THE TASK | What you should give back is a precise copy of the lines below from the one containing "New England Rope" through the one containing "Glass shield realistic", with no pictures.

Segment Start: DATA PROVIDED

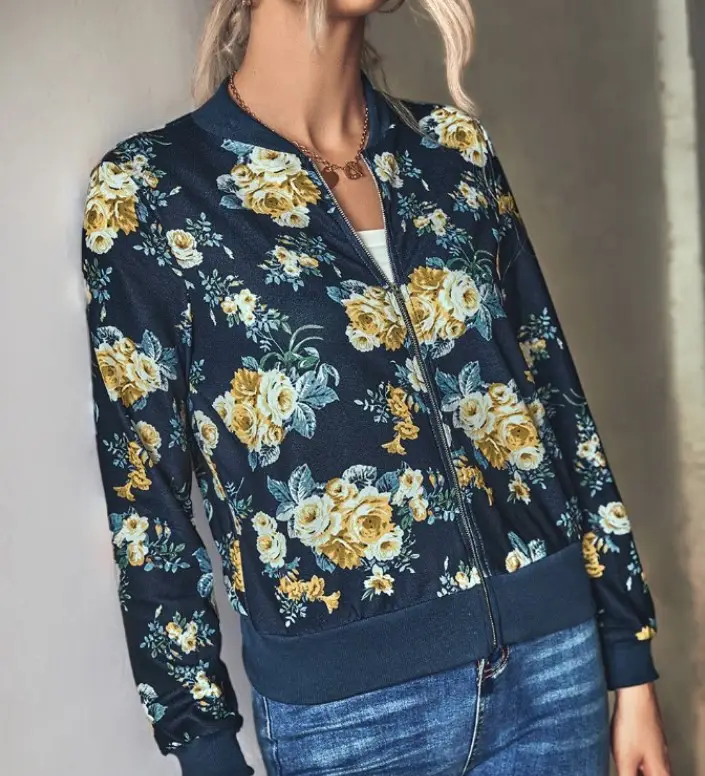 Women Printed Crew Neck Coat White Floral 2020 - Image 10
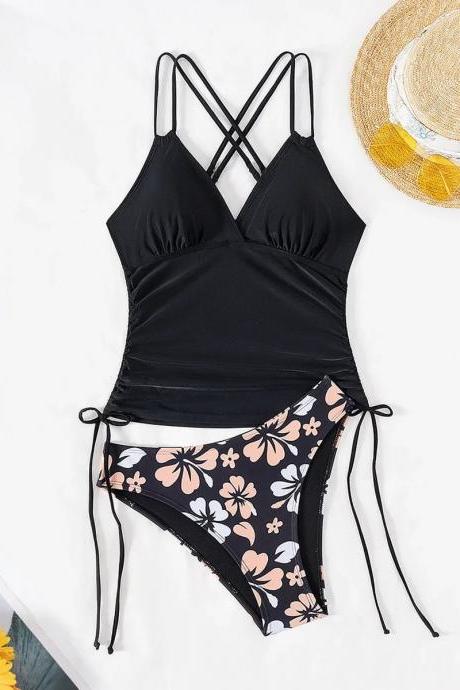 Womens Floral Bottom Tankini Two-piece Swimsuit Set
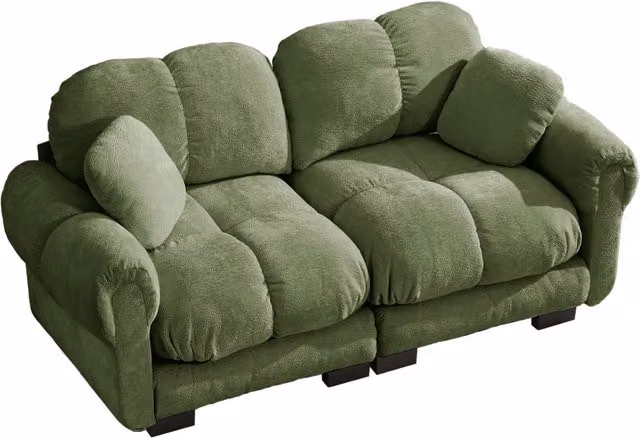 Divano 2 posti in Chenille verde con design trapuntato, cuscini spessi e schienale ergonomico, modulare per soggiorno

Segment End: DATA PROVIDED
Segment Start: DATA PROVIDED

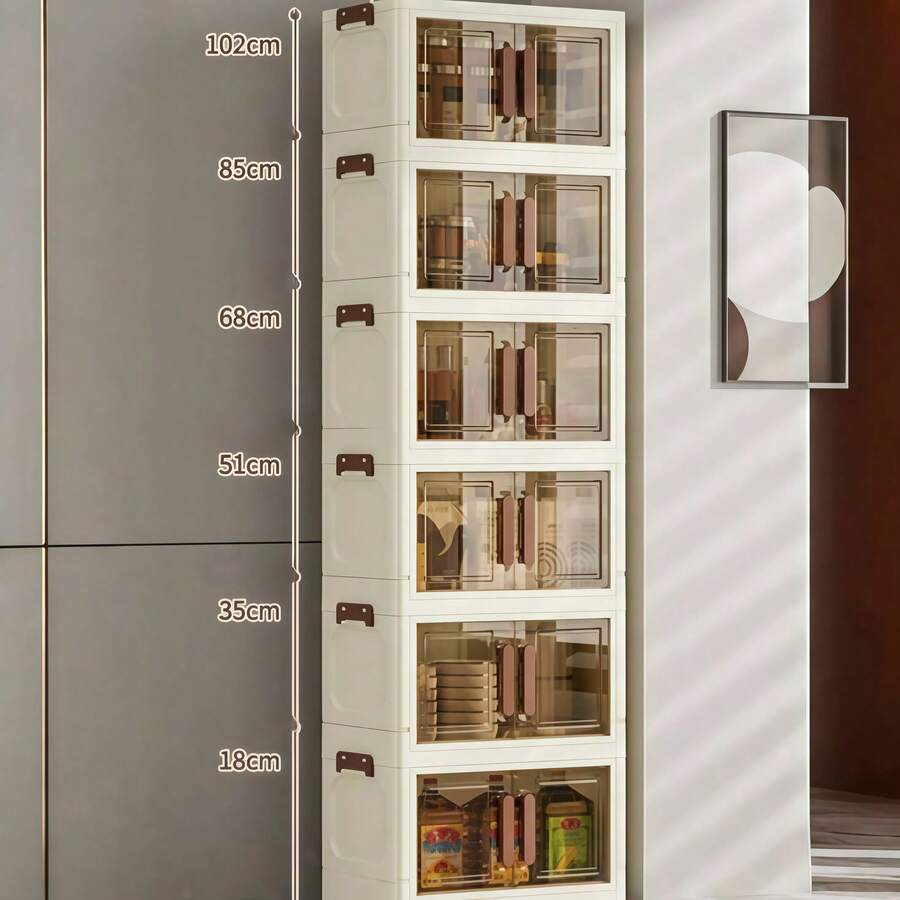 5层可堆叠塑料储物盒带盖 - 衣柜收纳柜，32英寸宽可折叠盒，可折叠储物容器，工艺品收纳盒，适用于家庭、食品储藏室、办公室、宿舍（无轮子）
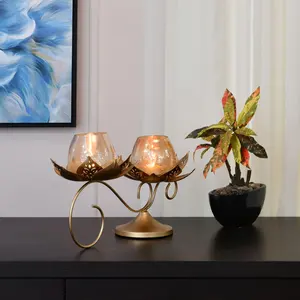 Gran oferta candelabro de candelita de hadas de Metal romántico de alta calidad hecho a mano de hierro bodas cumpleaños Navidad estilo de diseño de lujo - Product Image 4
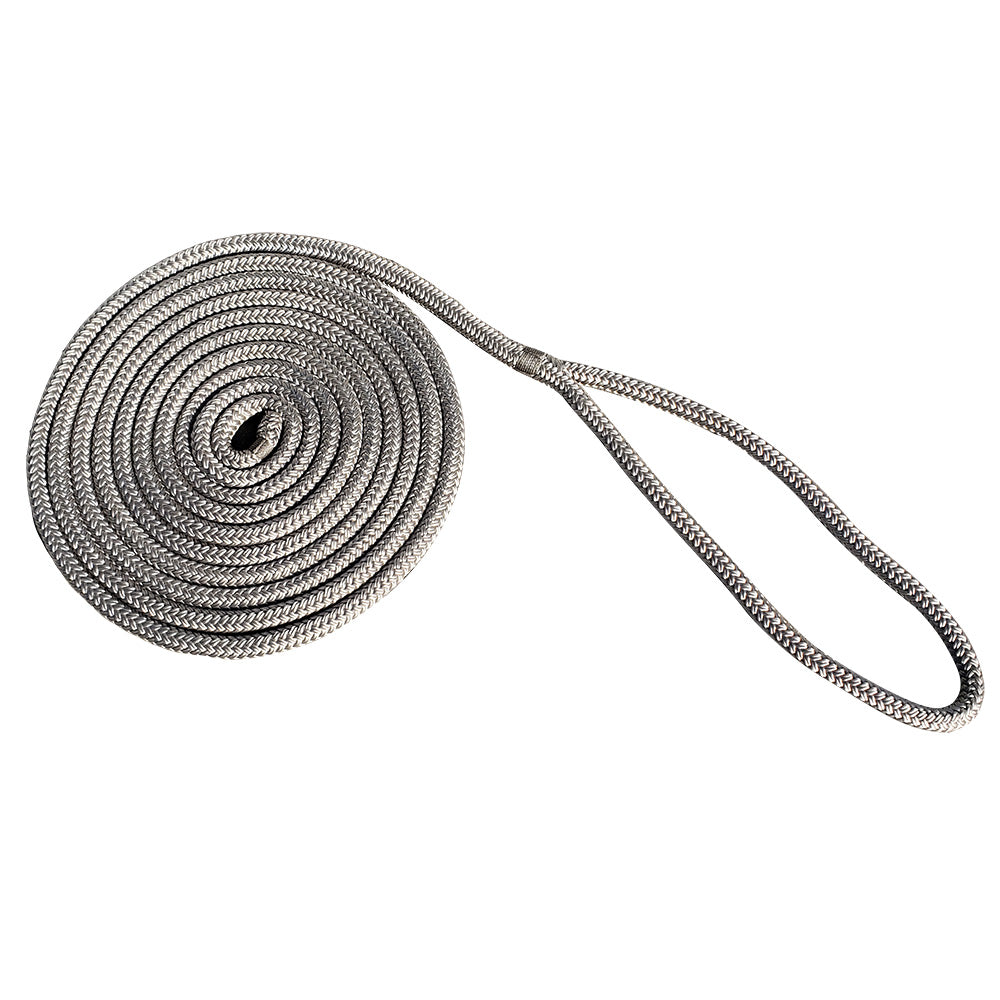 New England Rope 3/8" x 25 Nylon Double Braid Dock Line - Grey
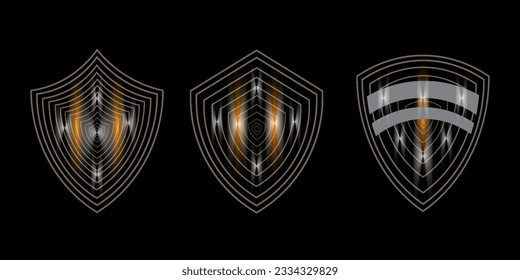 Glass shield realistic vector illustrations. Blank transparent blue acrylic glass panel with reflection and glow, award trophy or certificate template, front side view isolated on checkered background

Segment End: DATA PROVIDED

EXPECTED ANSWER |
 New England Rope 3/8" x 25 Nylon Double Braid Dock Line - Grey
 Glass shield realistic vector illustrations. Blank transparent blue acrylic glass panel with reflection and glow, award trophy or certificate template, front side view isolated on checkered background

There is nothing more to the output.